• _PROBLEM_
Every record below should be written out exactly; pictures stay out.

Collection entries
• • • • •

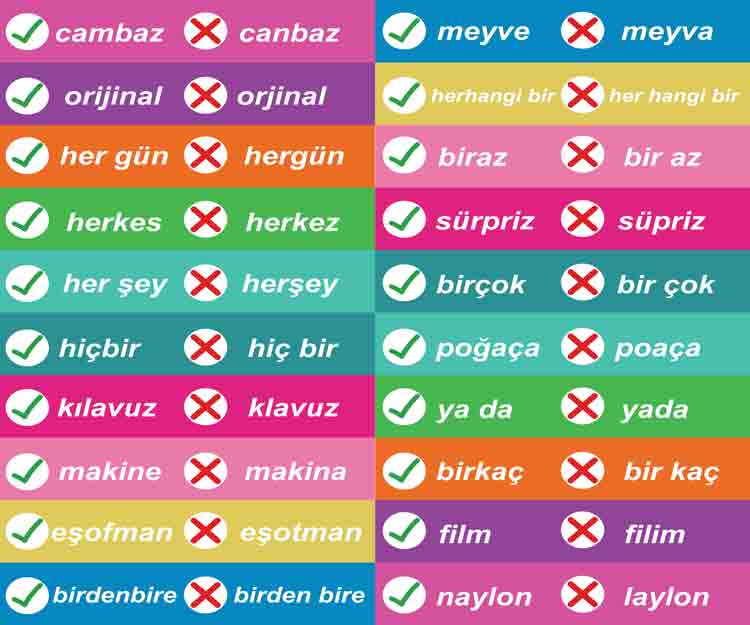 Doğrusunu Kullanalım Merdiven Giydirme
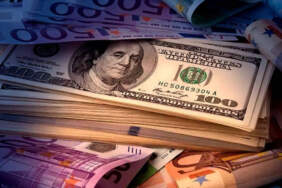 Piyasalarda Hareketlilik Sürüyor! Dolar ve Euro’da Yön Yukarı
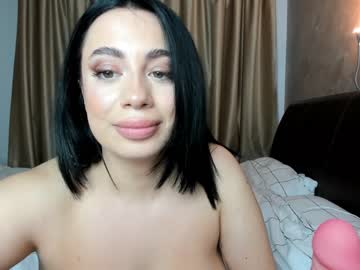 cam girl porn sabinadulce image #3957692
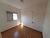 Apartamento, 3 quartos, 75 m² - Foto 21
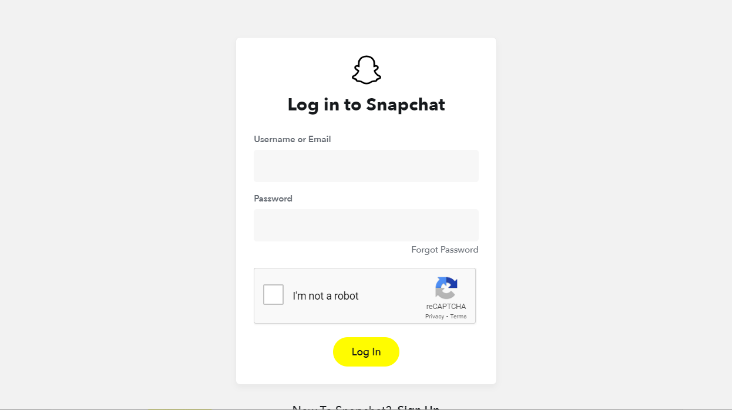 App Store olmadan Snapchat'i nasıl indireceğinizi biliyor musunuz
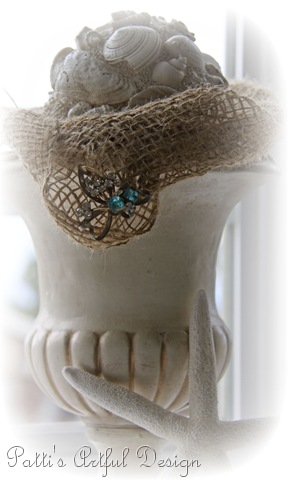 [shellurn%255B8%255D.jpg]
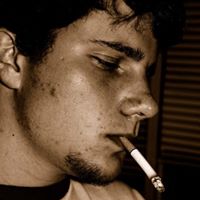 James Hooker Photo 37
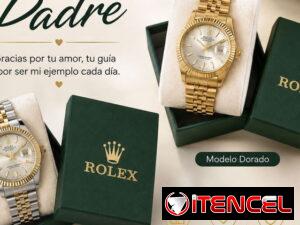 fa68ec0328d9c81884b5da8f7f8c90e496607f6bea4a149ffd28bc2a927265a5-1
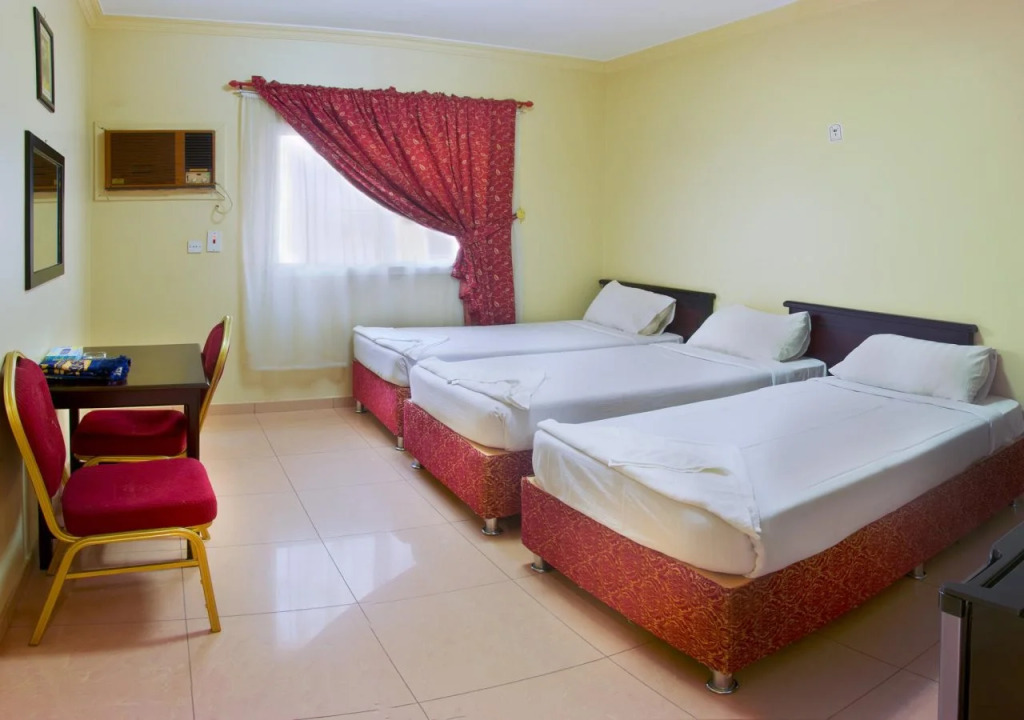 Saray Istanbul 2 Hotel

• • • • •

• _SOLUTION TO THE EXERCISE_
 Doğrusunu Kullanalım Merdiven Giydirme
 Piyasalarda Hareketlilik Sürüyor! Dolar ve Euro’da Yön Yukarı
 cam girl porn sabinadulce image #3957692
 Apartamento, 3 quartos, 75 m² - Foto 21
 App Store olmadan Snapchat'i nasıl indireceğinizi biliyor musunuz
 [shellurn%255B8%255D.jpg]
 James Hooker Photo 37
 fa68ec0328d9c81884b5da8f7f8c90e496607f6bea4a149ffd28bc2a927265a5-1
 Saray Istanbul 2 Hotel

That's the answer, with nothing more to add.